Ernst Mach
(1838-1916)
Ernst Mach's greatest contribution to philosophy was perhaps a negative one, the deemphasis of theories like
Ludwig Boltzmann's theory of atoms, in favor of positivistic summaries of experimental observations.
He was a great influence on the logical positivism of
Bertrand Russell and the young
Ludwig Wittgenstein in the UK and the logical empiricism of the Vienna Circle of
Moritz Schlick.
Although Mach very likely was a thorough determinist like most thinkers in the nineteenth century, his inaugural address on accepting a post at the University of Vienna in 1895 was on the role of accidents in inventions - "
On the Part Played by Accident in Invention and Discovery"

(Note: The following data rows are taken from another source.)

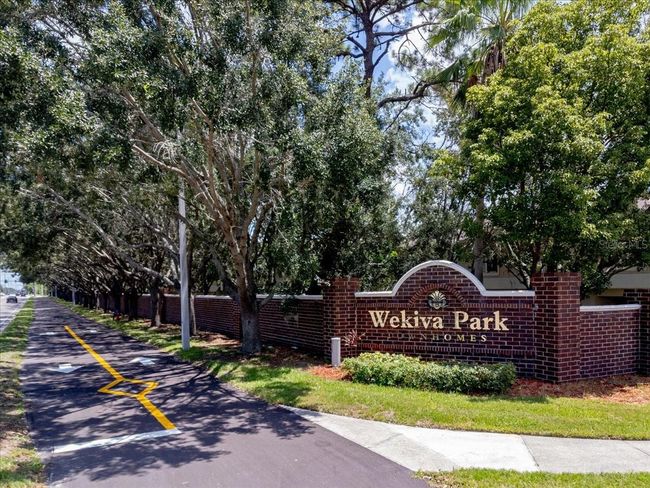 1941 Sunset Palm Dr, Townhouse with 3 bedrooms, 3 bathrooms and null parking in APOPKA FL | Image 35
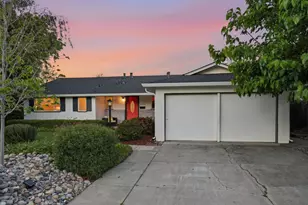 1763 Walnut Dr, Mountain View, CA 94040 - Photo 52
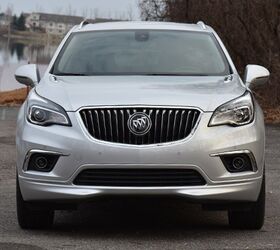 2017 buick envision review curbed with craig cole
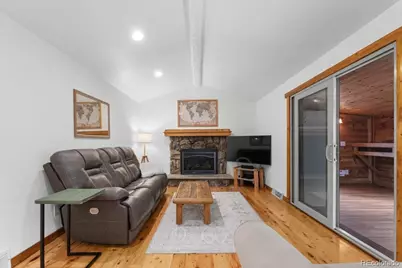 1310 Monterey Drive, Broomfield, CO 80020 - Photo 9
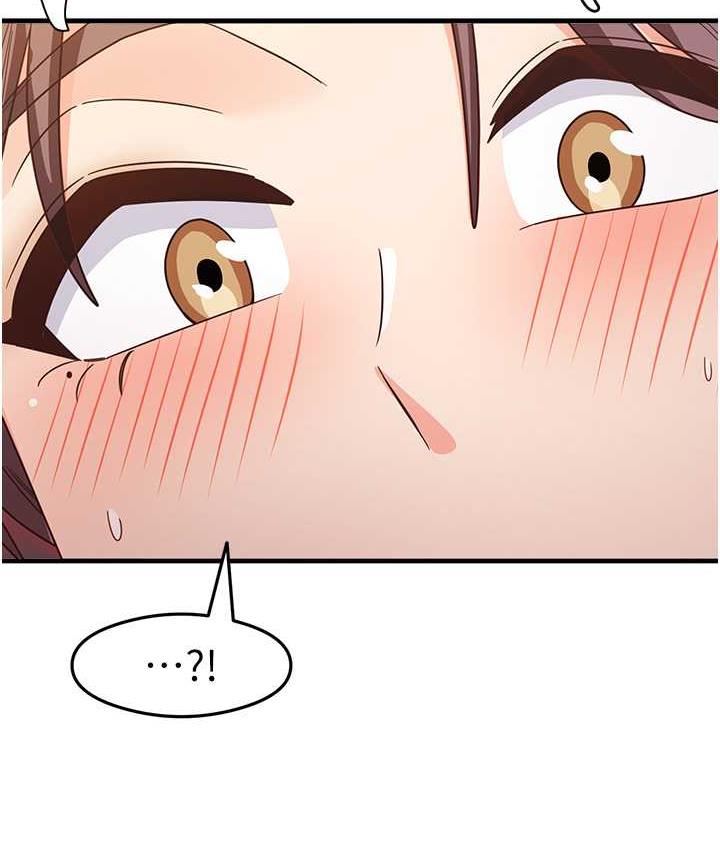 186.jpg
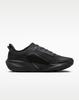 HV8116-002 Nike ACG Pegasus Trail Black Anthracite (Men's)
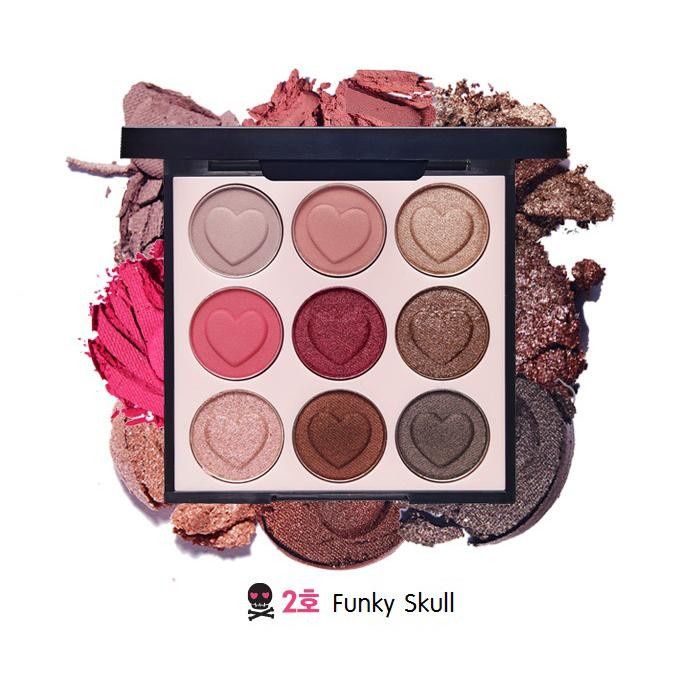 pink-skull-color-eyes-by-etude-house-งานจีน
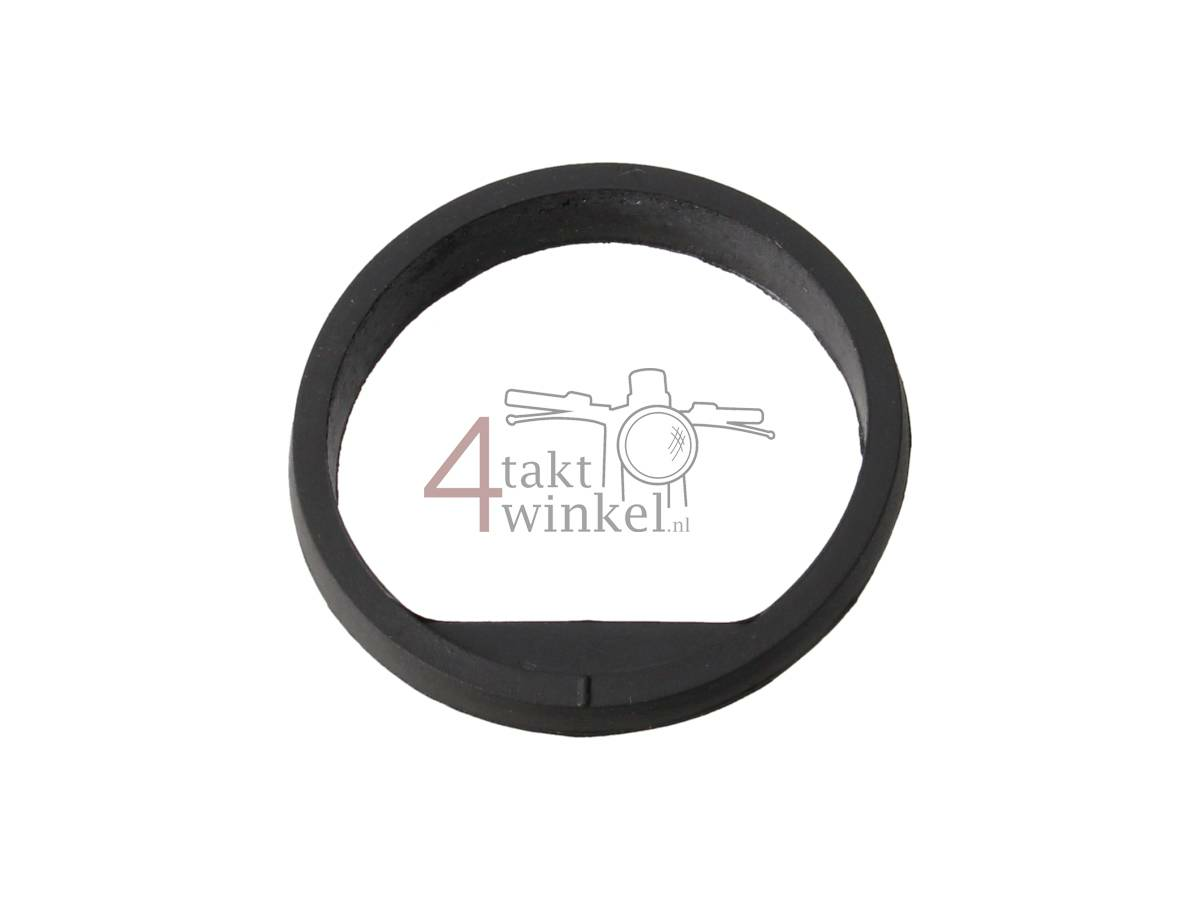 CUSHION, SPEEDOMET, OEM HONDA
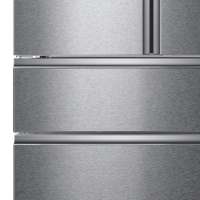 RO_HB26FSSAAA // R // HAIER // HB26FSSAAA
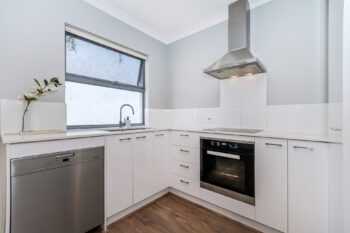 Listing image for 15 Ozone Parade, Trigg  WA  6029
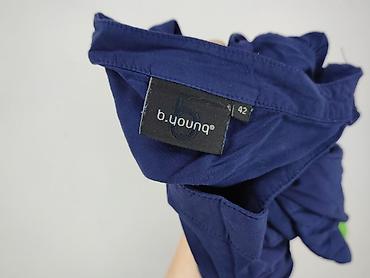 iblues: BYoung, Bluzka damska, rozmiar XL — 4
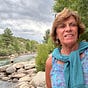 Judy Weeks-Padgett's avatar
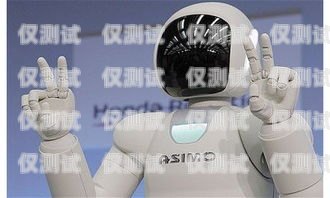 拒接智能電話機器人，保護個人隱私與權(quán)益的選擇拒接智能電話機器人怎么設(shè)置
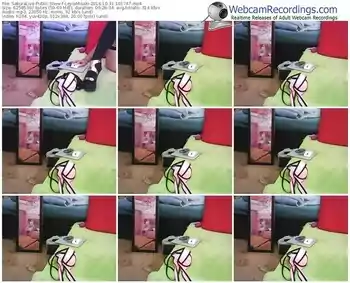 sakuralivejp-leylamisaki-webcam-show-10_31_2016-10_17_47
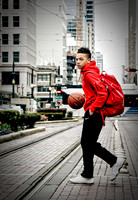 carsonedwards2015_010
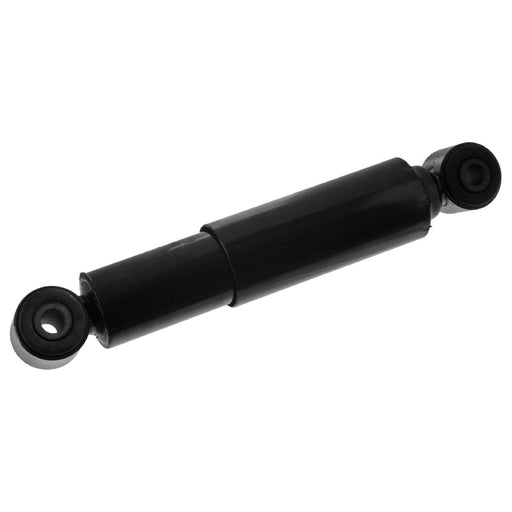 Febi 20414 Shock Absorber Fits Evobus Febi Bilstein  - Dynamic Drive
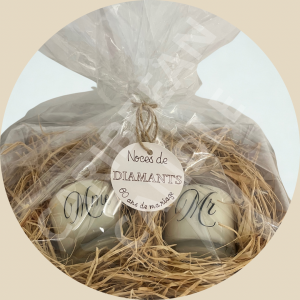Coffret cadeau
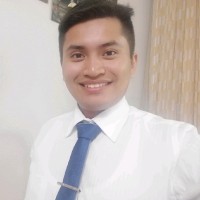 Willian Mang Muchaypiña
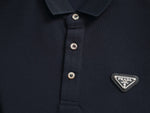 Everyday Comfort Polo Shirt-4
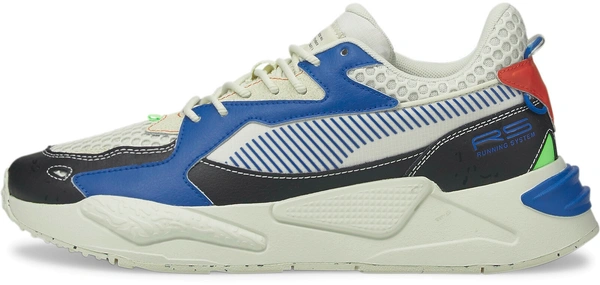 PUMA RS-Z GEN - UK 7.5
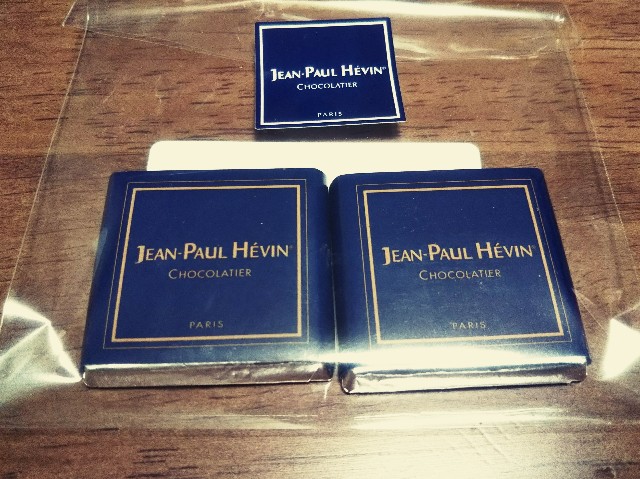 f:id:mizuho000:20190213221817j:plain f:id:mizuho000:20190213221817j:plain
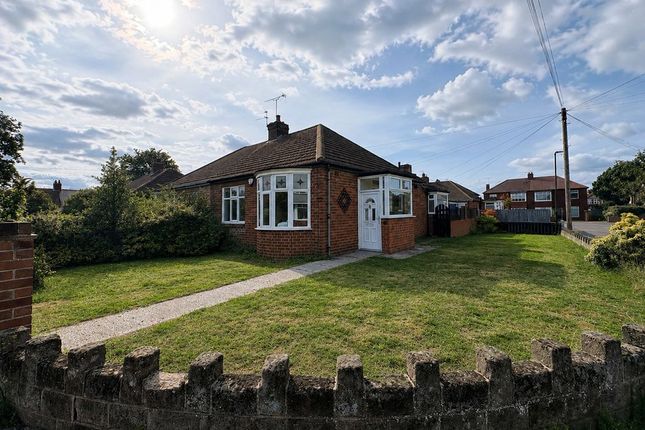 2-bed house on 1, Green Square, Whitley Bay, £325,000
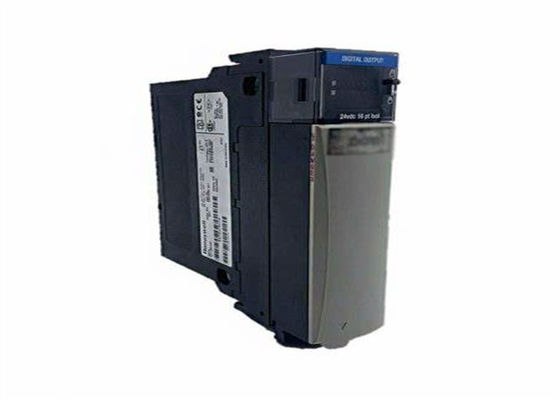하니웰 TC-PPD011 30V DC 100MA 전원 공급 모듈 원본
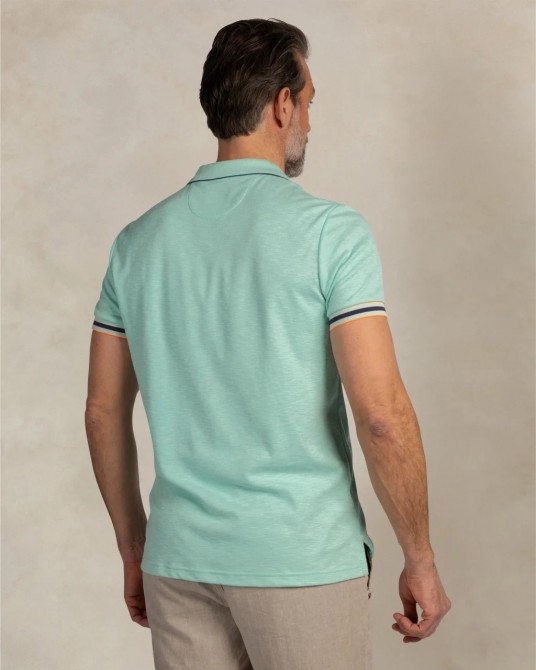 POLO CM 3006481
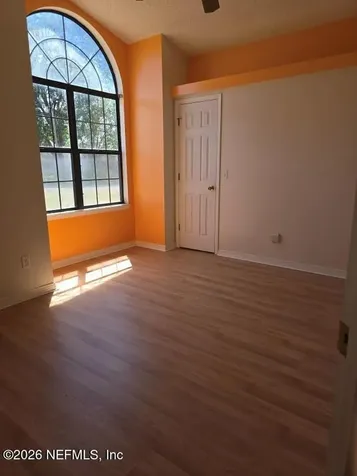 2410 Cashmere Court Middleburg FL 32068
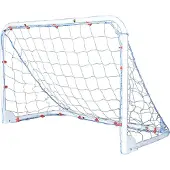 Sporti France 120x80x60 Cm Fotballmål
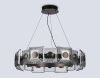 Люстра подвесная Ambrella Light Crystal (Црыстал) LH31030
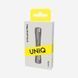 Ручка лопатки Staleks Pro Combo UNIQ 10 для змінних робочих частин &ndash; HPQ-10 фото 5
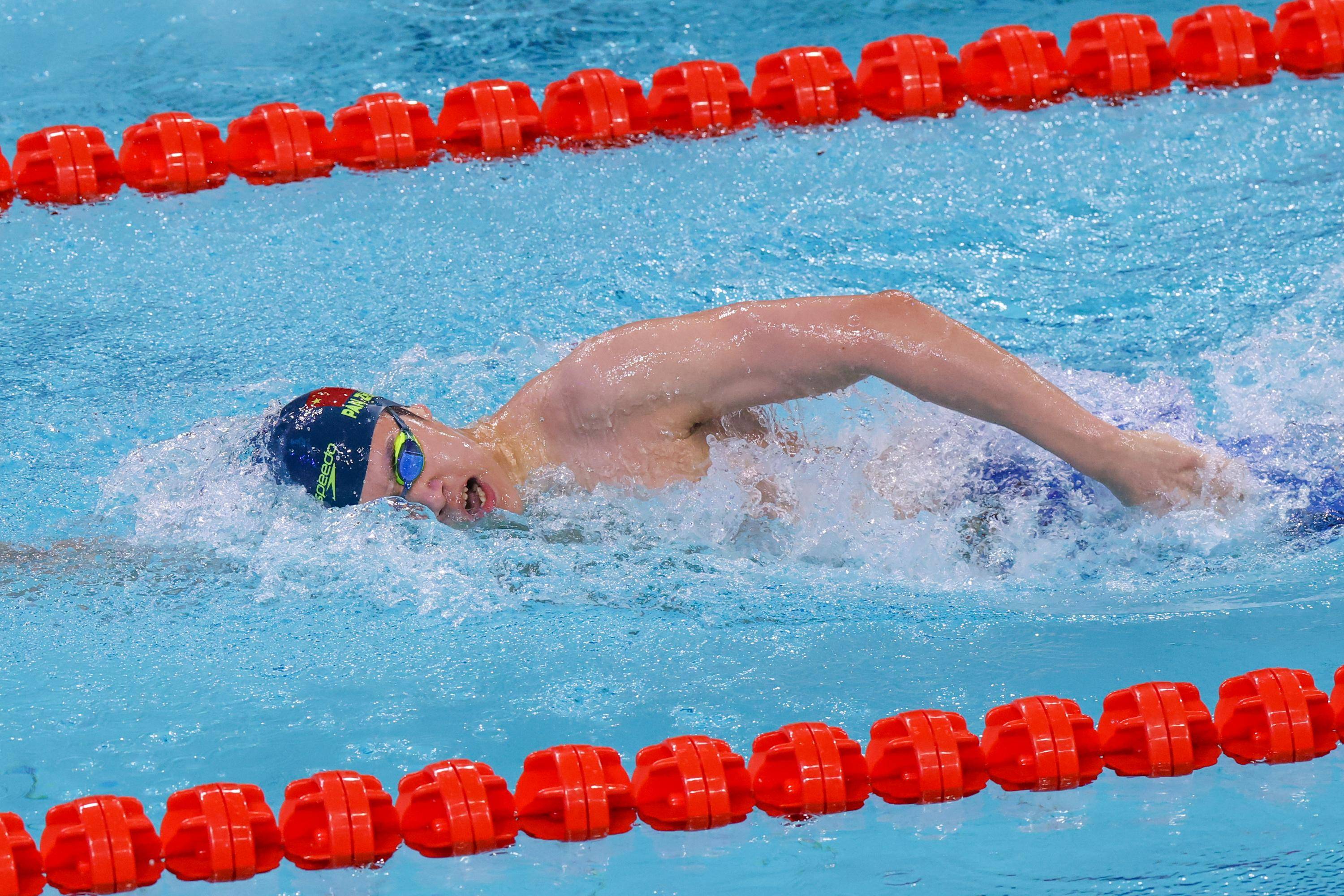 信用網怎么开户
_潘展乐战胜孙杨信用網怎么开户
,全国冠军赛男子400自夺冠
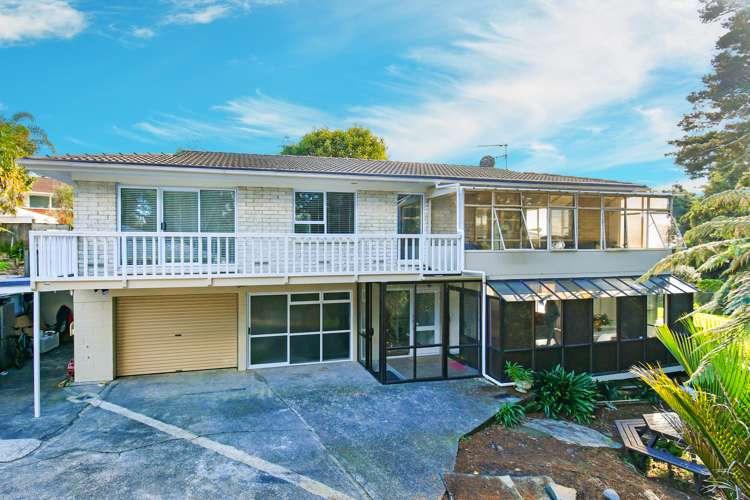 102 Lawrence Crescent Hillpark_0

After the repeated survey of a field has afforded opportunity for the interposition of advantageous accidents, has rendered all the traits that suit with the word or the dominant thought more vivid, and has gradually relegated to the background all things that are inappropriate, making their future appearance impossible; then, from the teeming, swelling host of fancies which a free and high-flown imagination calls forth, suddenly that particular form arises to the light which harmonizes perfectly with the ruling idea, mood, or design. Then it is that that which has resulted slowly as the result of a gradual selection, appears as if it were the outcome of a deliberate act of creation. Thus are to be explained the statements of Newton, Mozart, Richard Wagner, and others, when they say that thoughts, melodies, and harmonies had poured in upon them, and that they had simply retained the right ones.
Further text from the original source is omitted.